There have been cringe-worthy concept videos and unappealing prototypes. But so far, there has been little reason to believe that such a device is on the immediate horizon.

Huawei booth at trade show
  David Becker / Getty Images

Samsung is not the only company working on a foldable phone. Huawei is making noises about releasing a folding tablet before Samsung does. They have even demonstrated prototypes at trade shows. Lenovo and Xiaomi are also in the race. But it is not clear that any company has solved the numerous challenges posed by such a device.

These early displays are plastic, which is highly prone to scratching. They will be thick when used as a phone, with a minimum of twice the dimensional thickness of tablet mode. If they don’t fold perfectly flat, that thickness could be a little more substantial. There is also the question of finding room for a sufficiently large battery.

Beyond the hardware, the bigger challenge is software. These devices will have to modify Android to smoothly switch between modes. None of the companies in question are best known for their software prowess, primarily being regarded as hardware focused operations.

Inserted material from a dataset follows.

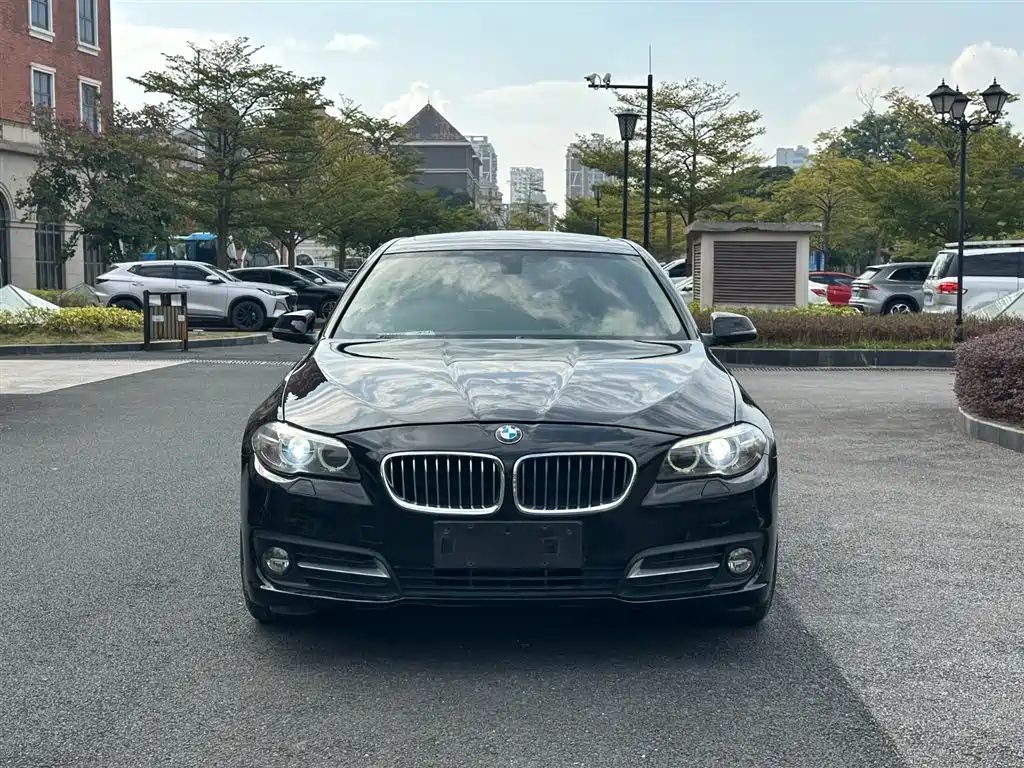 BMW 5 Series (Import) 2015 520i Elegance фото 2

Once the product is ready, there is a matter of the market. Apple has no problem selling both high end smartphones and tablets. Android manufacturers have not had that luxury. It is not clear that Android users are clamoring for tablet experiences from a phone.

These new products will add a lot of cost and complexity, something that average users often tend to avoid when possible. In geek culture, foldable phones represent something exciting and futuristic. But everything that we have seen so far suggests that we are still not particularly close to launch. Perhaps 2019 will tell a different story for consumers looking to add a foldable phone to their technological holdings.